HomeText: Wilhelm Tell4. AktWilhelm Tell – Text: 4. Aufzug, 2. Szene

Wilhelm Tell – Text: 4. Aufzug, 2. Szene

Seite 4 von 5
Bewertung:
(Stimmen: 23 Durchschnitt: 3.5)

Rudenz rasch eintretend:
Lebt er? O saget, kann er mich noch hören?

Walther Fürst deutet hin mit weggewandtem Gesicht:
Ihr seid jetzt unser Lehensherr und Schirmer,
Und dieses Schloss hat einen andern Namen.

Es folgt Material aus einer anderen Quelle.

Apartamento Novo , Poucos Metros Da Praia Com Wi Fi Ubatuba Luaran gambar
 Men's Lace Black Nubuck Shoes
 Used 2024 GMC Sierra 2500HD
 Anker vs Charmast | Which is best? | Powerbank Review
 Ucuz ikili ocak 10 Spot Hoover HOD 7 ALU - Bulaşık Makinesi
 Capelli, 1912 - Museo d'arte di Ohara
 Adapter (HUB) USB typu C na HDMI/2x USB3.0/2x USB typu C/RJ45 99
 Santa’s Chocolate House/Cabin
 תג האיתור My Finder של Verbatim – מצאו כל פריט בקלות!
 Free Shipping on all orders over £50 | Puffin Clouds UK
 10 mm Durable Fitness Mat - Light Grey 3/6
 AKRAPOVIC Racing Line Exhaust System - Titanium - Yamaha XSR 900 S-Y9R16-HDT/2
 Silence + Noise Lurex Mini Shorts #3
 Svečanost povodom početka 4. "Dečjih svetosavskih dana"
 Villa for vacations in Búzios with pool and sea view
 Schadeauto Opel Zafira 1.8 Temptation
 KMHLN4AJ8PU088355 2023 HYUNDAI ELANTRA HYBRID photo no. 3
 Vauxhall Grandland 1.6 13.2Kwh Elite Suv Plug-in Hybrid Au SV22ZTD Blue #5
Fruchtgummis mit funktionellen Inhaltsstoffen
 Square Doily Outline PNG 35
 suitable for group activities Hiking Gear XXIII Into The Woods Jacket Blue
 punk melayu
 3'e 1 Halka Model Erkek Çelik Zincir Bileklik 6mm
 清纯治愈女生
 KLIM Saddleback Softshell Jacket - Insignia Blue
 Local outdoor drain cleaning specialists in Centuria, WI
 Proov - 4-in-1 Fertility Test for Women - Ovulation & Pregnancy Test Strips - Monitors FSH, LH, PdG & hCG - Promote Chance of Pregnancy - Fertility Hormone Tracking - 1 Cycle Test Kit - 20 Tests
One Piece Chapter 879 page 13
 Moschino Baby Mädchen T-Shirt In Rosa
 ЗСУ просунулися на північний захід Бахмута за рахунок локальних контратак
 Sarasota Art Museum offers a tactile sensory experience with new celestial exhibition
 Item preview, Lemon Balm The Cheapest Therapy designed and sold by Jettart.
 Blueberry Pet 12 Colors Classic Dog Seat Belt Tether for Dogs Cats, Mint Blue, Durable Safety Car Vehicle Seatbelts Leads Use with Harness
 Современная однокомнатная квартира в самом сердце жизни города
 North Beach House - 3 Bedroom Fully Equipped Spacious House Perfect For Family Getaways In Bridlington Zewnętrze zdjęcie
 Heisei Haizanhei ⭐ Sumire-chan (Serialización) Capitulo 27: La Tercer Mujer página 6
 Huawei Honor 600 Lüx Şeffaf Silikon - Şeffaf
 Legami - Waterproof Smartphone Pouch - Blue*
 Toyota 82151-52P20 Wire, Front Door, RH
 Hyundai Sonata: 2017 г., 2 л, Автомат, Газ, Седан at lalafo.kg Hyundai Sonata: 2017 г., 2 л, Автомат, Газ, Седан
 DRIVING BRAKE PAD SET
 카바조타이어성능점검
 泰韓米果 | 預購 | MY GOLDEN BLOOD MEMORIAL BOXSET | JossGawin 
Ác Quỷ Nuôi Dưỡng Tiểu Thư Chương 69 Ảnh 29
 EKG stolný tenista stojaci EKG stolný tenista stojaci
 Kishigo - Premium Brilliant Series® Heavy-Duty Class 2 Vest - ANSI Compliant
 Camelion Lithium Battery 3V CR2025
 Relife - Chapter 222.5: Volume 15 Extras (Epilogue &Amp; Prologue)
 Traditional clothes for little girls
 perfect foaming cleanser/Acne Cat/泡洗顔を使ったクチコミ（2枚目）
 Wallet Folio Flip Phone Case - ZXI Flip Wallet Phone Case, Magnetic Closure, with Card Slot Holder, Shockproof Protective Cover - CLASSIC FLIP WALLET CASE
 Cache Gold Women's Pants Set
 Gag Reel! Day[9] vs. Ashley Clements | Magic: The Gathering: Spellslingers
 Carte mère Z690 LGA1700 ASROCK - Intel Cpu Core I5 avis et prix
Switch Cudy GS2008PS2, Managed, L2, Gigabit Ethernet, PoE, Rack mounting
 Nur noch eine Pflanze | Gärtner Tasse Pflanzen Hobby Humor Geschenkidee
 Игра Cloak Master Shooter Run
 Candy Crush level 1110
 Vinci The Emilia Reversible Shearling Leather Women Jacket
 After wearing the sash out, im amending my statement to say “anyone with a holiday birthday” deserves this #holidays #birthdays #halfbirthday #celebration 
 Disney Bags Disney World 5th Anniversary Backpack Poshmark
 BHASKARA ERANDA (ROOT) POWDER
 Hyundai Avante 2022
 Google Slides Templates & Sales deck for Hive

Rudenz erblickt den Leichnam und steht von heftigem Schmerz ergriffen:
O güt’ger Gott – Kommt meine Reu zu spät?
Konnt er nicht wen’ge Pulse länger leben,
Um mein geändert Herz zu sehn?
Verachtet hab ich seine treue Stimme,
Da er noch wandelte im Licht – Er ist
Dahin, ist fort auf immerdar, und lässt mir
Die schwere unbezahlte Schuld! – O saget!
Schied er dahin im Unmut gegen mich?

Stauffacher:
Er hörte sterbend noch was Ihr getan,
Und segnete den Mut, mit dem Ihr spracht!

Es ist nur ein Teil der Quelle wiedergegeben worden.